Pour compléter le dispositif, certaines unités, puis La Poste dans son ensemble acquièrent le statut de société anonyme. La NZZ am Sonntag du 19 février 2006 l’a bien compris en claironnant que les règles qui doivent prévaloir à La Poste sont celles du Code des obligations.

Vers la privatisation, grâce à de nouvelles infrastructures 

Pour assurer la rentabilité, avant la privatisation, il faut opérer des investissements que les usagers et les «économies faites sur le personnel» vont financer. Le capital privé n’aura plus qu’à recueillir les fruits mûrs.

Le projet Colis 2000 a conduit à la fermeture des 11 centres de tri des colis. Ils sont remplacés par trois nouveaux (Daillens, Härkingen et Frauen­feld, entrés en service le 31 mai 1999) et le maintien de deux anciens, Zurich et Berne (ce dernier fermé en 2003). Le projet REMA (REengineering MAil­processing) implique, lui, la fermeture des 18 centres de tri du courrier actuels, qui seront remplacés par trois centres principaux –Eclépens, Härkingen et Zurich-Müllingen– et six centres secondaires –Genève, Bâle, Kriens, Ostermundingen, Calenazzo et Gossau. La mise en place du projet REMA se fait sur la période 2006-2009; à cette date il entrera pleinement en fonction.

Ces deux projets ont pour but de faciliter la possibilité d’adaptations «techniques» permanentes. Concrètement, cela signifie par exemple: l’accouplement des tournées des facteurs aux variations du flux des colis. Un mariage particulier. N’oublions pas que, par ses activités, La Poste est une entreprise qui fonctionne en «flux tendu». La nouveauté, ici, est de permettre, par exemple, d’adapter les tournées des facteurs aux variations du flux des colis, plusieurs fois par année. Il en sera de même avec le projet REMA.

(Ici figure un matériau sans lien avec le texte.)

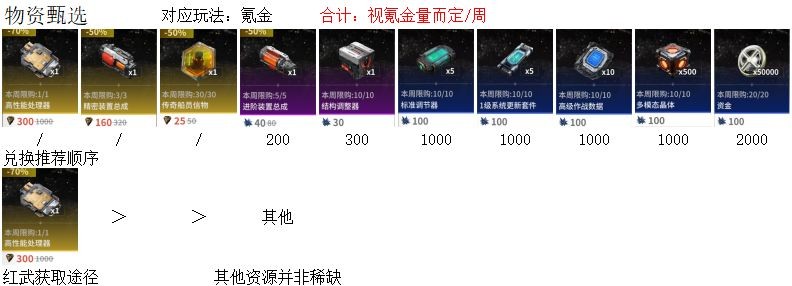 《亿万光年》商店兑换优先级选择分析_https://www.wordpress6.com_游戏攻略_第4张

La restructuration du secteur colis a été suivie par le projet Optima, ayant trait au réseau postal. Une drastique réduction du réseau en est le cœur: on passe de 3396 offices de poste classiques en 2001 à 1767 en 2005. Les offices de poste fermés sont remplacés par différents «points de vente»: filiales et agences ainsi que par le «service à domicile». La réduction du nombre d’offices de poste s’accompagne par une modification sensible de leurs activités et du statut de ces offices.

Dans la veine publicitaire, le qualificatif Ymago a été accolé à cette dernière opération. Il s’agit de remplacer certaines activités postales par des automates (pour les virements d’argent) et par le transfert de certaines activités à des chaînes de magasins (Landi, Volg, des papeteries, etc.) ou à des particuliers (franchises accordées à des épiciers ou à des secrétaires communaux, par exemple).

La politique de «franchisation» est étendue actuellement aux garages postaux et demain aux facteurs colis, qui seront des «indépendants», devant porter tous les risques d’une entreprise, tout en étant soumis aux ordres des centres névralgiques, véritable autorité.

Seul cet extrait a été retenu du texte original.